6 tidyverse

library(ggplot2)
  • factors aims to handle categorical variables, i.e., factor class in R.

6.1 forcats::fct_reorder(f, x)

each level is associated with a x value (if multiple, use a function such as median() to generate a single value), the order is determined by sorting the corresponding x value.

with(iris, forcats::fct_reorder(Species, Sepal.Width)) %>% levels
#> [1] "versicolor" "virginica"  "setosa"

iris %>% dplyr::group_by(Species) %>% 
   dplyr::summarise(Sepal.Width = median(Sepal.Width)) %>%
   dplyr::arrange(Sepal.Width) %>% .$Species %>% as.character()
#> `summarise()` ungrouping output (override with `.groups` argument)
#> [1] "versicolor" "virginica"  "setosa"

As you can see in following plot, Species has been reordered by median of Sepal.Width.

cowplot::plot_grid(
    iris %>% 
        ggplot(aes(Species, Sepal.Width)) + geom_boxplot() + 
        labs(title = 'original'),
    iris %>% dplyr::mutate_at("Species", ~forcats::fct_reorder(., Sepal.Width)) %>%
        ggplot(aes(Species, Sepal.Width)) + geom_boxplot() + 
        labs(title = 'reorder')
)
forcats::fct_reorder()

forcats::fct_reorder()

6.2 forcats::fct_reorder2(f, x, y)

Each level is associated with many x values and many y values, we use a function such as max() to select a x value, then we can get the corresponding y value.
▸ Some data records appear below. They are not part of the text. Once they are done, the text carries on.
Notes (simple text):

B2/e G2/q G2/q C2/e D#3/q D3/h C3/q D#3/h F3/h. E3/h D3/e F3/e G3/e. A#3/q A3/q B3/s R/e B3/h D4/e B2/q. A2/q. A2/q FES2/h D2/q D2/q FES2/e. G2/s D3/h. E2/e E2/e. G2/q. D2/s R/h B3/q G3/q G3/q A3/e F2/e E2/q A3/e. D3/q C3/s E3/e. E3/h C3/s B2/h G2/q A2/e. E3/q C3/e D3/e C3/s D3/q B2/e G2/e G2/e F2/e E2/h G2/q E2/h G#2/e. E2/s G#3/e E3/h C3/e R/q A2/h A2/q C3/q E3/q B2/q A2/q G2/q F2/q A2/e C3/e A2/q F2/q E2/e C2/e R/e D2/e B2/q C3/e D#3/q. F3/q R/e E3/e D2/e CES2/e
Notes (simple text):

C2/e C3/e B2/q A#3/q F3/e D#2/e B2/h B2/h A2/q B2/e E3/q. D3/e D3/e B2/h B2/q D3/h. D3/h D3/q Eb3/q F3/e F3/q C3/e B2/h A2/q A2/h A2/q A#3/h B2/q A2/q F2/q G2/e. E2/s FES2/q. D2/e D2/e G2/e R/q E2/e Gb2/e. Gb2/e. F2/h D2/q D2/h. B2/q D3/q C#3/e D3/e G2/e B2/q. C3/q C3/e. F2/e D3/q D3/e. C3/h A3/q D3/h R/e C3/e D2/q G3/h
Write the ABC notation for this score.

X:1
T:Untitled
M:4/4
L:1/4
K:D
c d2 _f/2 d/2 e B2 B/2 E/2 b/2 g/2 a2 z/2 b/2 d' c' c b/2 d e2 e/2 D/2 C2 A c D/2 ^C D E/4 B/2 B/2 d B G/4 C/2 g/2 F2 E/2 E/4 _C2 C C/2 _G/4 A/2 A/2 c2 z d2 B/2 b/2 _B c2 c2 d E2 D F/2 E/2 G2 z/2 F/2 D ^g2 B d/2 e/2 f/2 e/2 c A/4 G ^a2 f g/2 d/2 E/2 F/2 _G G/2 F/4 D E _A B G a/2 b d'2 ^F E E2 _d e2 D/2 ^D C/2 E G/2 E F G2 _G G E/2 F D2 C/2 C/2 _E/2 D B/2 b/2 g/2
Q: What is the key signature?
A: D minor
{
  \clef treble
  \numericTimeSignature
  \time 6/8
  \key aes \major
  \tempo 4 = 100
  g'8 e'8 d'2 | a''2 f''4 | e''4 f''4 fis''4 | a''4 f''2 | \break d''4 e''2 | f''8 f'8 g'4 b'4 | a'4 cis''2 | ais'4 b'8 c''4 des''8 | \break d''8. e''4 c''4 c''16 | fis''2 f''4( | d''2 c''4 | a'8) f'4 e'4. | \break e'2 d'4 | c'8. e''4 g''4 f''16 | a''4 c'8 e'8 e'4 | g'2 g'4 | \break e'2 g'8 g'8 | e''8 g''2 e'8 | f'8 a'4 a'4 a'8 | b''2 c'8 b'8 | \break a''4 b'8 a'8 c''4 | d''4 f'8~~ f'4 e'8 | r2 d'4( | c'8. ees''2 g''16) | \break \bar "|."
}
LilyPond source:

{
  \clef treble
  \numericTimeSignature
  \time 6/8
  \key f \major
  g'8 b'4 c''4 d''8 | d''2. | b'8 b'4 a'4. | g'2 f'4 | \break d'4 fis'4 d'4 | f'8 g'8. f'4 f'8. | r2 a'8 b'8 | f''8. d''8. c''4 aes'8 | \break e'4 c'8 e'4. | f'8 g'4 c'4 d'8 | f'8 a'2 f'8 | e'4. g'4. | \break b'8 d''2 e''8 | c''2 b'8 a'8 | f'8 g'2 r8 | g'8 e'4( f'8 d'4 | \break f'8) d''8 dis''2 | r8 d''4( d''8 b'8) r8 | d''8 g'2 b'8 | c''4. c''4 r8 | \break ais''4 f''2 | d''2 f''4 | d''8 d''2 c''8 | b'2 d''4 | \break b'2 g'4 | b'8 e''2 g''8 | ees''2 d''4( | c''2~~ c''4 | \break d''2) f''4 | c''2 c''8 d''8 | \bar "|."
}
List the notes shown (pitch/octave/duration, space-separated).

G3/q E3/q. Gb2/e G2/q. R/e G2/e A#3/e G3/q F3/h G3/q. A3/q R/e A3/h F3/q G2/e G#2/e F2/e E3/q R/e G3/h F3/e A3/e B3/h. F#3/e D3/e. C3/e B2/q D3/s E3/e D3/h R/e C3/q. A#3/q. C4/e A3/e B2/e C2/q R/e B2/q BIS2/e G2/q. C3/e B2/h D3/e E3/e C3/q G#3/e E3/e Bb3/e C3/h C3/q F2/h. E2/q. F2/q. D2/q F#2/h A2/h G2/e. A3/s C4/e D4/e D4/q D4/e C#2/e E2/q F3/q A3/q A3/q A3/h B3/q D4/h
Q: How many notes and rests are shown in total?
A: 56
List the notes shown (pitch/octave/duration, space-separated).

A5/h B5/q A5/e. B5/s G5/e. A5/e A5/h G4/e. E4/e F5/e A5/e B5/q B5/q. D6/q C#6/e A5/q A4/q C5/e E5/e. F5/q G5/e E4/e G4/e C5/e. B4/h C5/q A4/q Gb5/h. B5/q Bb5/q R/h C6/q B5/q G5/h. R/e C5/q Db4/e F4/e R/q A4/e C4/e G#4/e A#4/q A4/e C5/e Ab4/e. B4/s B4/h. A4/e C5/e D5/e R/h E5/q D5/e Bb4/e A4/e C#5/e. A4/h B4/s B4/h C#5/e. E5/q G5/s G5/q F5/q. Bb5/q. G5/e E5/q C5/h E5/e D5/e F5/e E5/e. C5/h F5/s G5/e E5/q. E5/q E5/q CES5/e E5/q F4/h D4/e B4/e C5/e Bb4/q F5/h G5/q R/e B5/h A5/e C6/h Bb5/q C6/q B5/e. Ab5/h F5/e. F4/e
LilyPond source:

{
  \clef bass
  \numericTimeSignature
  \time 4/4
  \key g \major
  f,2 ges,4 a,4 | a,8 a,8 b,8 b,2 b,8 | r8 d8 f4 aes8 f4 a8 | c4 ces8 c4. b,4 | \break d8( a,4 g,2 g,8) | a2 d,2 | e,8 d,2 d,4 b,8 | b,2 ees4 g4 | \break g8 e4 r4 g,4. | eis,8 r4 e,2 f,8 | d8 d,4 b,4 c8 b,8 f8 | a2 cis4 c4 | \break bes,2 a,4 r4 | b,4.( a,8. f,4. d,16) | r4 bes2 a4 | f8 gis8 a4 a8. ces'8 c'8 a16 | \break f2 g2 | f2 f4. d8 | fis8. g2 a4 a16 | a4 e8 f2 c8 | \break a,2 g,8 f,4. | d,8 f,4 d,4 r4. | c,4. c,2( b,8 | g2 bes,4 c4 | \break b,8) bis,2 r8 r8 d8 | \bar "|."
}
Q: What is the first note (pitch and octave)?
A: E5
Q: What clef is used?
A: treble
Now each level is associated with a single y value, and we can determine the order by sorting those y values. [^fct-reorder2-plot]

set.seed(0)
chkw <- ChickWeight %>% head(60) %>% dplyr::mutate_at('Chick', forcats::fct_shuffle)

with(chkw, forcats::fct_reorder2(Chick, Time, weight)) %>% levels()
#>  [1] "5"  "2"  "1"  "3"  "4"  "13" "34" "18" "31" "22" "43" "48" "36" "24" "35"
#> [16] "19" "10" "17" "50" "27" "41" "9"  "33" "16" "40" "44" "6"  "39" "46" "7" 
#> [31] "15" "20" "25" "47" "49" "26" "42" "28" "12" "14" "38" "32" "45" "23" "37"
#> [46] "8"  "29" "30" "11" "21"

chkw %>% dplyr::group_by(Chick) %>% dplyr::arrange(dplyr::desc(Time)) %>% 
   dplyr::slice(1) %>% dplyr::ungroup() %>% 
   dplyr::arrange(dplyr::desc(weight)) %>% .$Chick %>% as.character()
#> [1] "5" "2" "1" "3" "4"

As you can see in following plot, the vertical line (max Time), Chick has been reordered by weight at that line.

cowplot::plot_grid(
    chkw %>% 
        ggplot(aes(Time, weight, colour = Chick)) + geom_point() + geom_line() + 
        geom_vline(xintercept = 21, alpha = 0.2) + labs(title = 'original'),
    chkw %>% dplyr::mutate_at("Chick", ~forcats::fct_reorder2(., Time, weight)) %>% 
        ggplot(aes(Time, weight, colour = Chick)) + geom_point() + geom_line() + 
        geom_vline(xintercept = 21, alpha = 0.2) + labs(title = 'reorder')
)
forcats::fct_reorder2()

forcats::fct_reorder2()